HuffmanCoding project (Java):

Given a text file, compress the file by creating least bit for most frequent appeared characters and more bit for least frequent appeared characters.

Huffman Coding Algorithm:

Step 0: compute character counting/ probability

Step 1: construct a linked list in ascending order w.r.t count/probability

Step 2: construct Huffman Binary Tree

Step 3: construct Huffman Code Table

Step 4: compression by encoding the table

Construct Huffman Binary Tree Algorithm:

Step 0: oldListHead <- create a dummy listBinTreeNode and let oldListHead points to the dummy node

Step 2:oldListHead.next <- listHead.next

Step 3:

3.1- newNode <- create a listBinTreeNode

newNode’s prob <- the sum of prob of the first and second node of the list

newNode’s chStr <- concatenate chStr of the first node and chStr of the second node in the list

  newNode’s left <- the first node of the list
  
  newNode’s right <- the second node of the list
  
  listHead <- the third node of the list 
  
  printNode (newNode) to outFile5 

3.2: spot <- findSpot(newNode’prob)

   listInsert (spot, newNode)  // inserting newNode between spot and spot.next.
   
   printList to outFile5 //for debugging purpose

3.3: repeat step 3.1 – 3.2 until the list only has one node left which is the newNode

3.4: Root <- newNode

K-Mean Clustering (CPP):

popular for cluster analysis in data mining. Given data points and k number of clusters, randomly partition data points into k groups and assign labels to points with 1-k depends on which cluster they are in. Compute centriods for each group, then compute minimum distance between each point to all the centroids. Resigns point's label to minimum centroid's label if its label is different, keep the same label otherwise.

step 0:

  • inFile Open the input file

  • K(k groups), numRow, numCol numPts get from inFile.

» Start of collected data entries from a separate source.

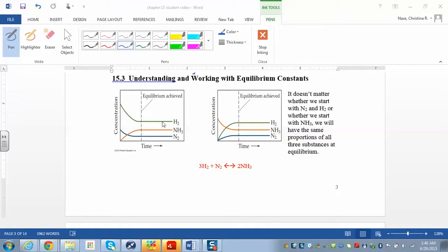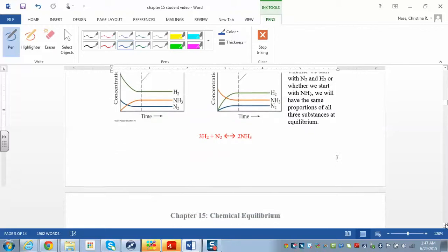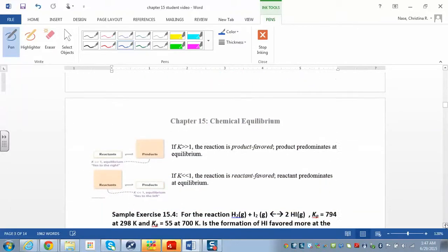After equilibrium is reached, there's no longer a change in the concentrations of reactants or products — they remain constant. The same thing happens if you start on the other side of the reaction. If you start with ammonia, you have a high concentration of ammonia and zero concentration of hydrogen and nitrogen. The ammonia decreases over time while hydrogen and nitrogen increase, but eventually you reach equilibrium at the same point, regardless of which side you start on.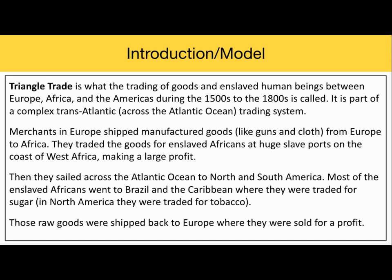Then they sailed across the Atlantic Ocean to North and South America. Most of the enslaved Africans went to Brazil and the Caribbean where they were traded for sugar, and in North America they were traded for tobacco. Those raw goods were shipped back to Europe where they were sold for profit. It is important to know that this transatlantic trade network developed and continued for hundreds of years. Today we're going to better understand the general movement of goods, including enslaved Africans, across the Atlantic Ocean between Europe, Africa, and the Americas.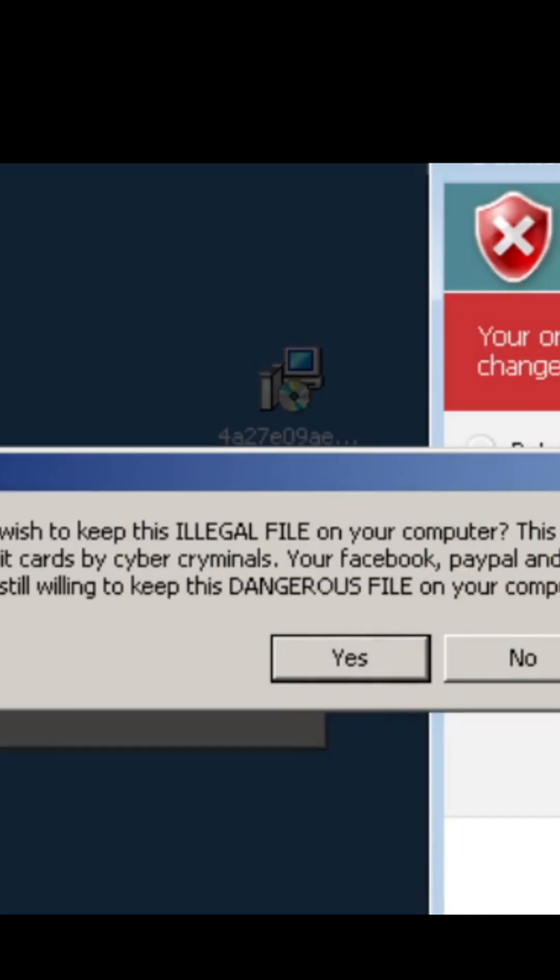Cancel. Are you wish to keep this illegal file on your computer? This can lead to private data steals, such as passwords and credit cards by cyber criminals. Your Facebook, PayPal, and eBay account can be used by the hackers.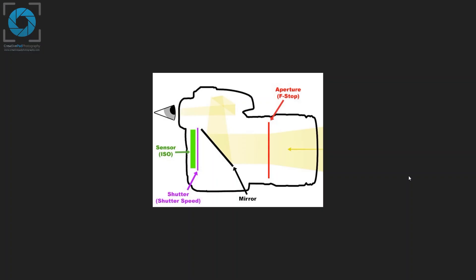To understand the concept of shutter speed, let's first understand what exactly the shutter is and how it works. We've already seen this diagram in the ISO section, where we learned that the aperture allows light to go through, and then when you press the shutter button to take a shot, the mirror goes up, allowing the light to pass through, the shutter opens, and the light falls on the sensor. Let's take a closer look at this shutter.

  • imageArray Dynamically allocate a 2-D arrays, size numRows X numCols.

  • pointSet Dynamically allocate the point set, size of numPts

  • Kcentroids[K] Dynamically allocate the K centroids struct.

Step 1: call loadPointSet

Step 2: call assignLabel

Step 3: call mapPoint2Image

Step 4: call displayImage // output to output-2

step 5: 5.1: changeLabel 0

5.2: Go thru the entire pointSet struct array to compute the centroids of each of the K clusters. Store the computed centroids in each Kcentroids[i], i from 1 to K.

step 6: 6.1: for each point, p, in the pointSet array compute the distance, dist(p,ci), from p to the centroids of each Kcentroids[i], i = 1 to K

6.2: min_i <-- determine which dist(p,ci) is minimum		
    
6.3: if min_i’s Label is not the same as p's Label change p's label to min_i’s label and increment changeLabel ++ 

step 7: repeat step 6 until all points in pointSet are processed.

Step 8: repeat step 3 to step 7 while changeLabel > 0

Step 9: Output the info of pointSet to Output-1 file.

Step 10: close all files.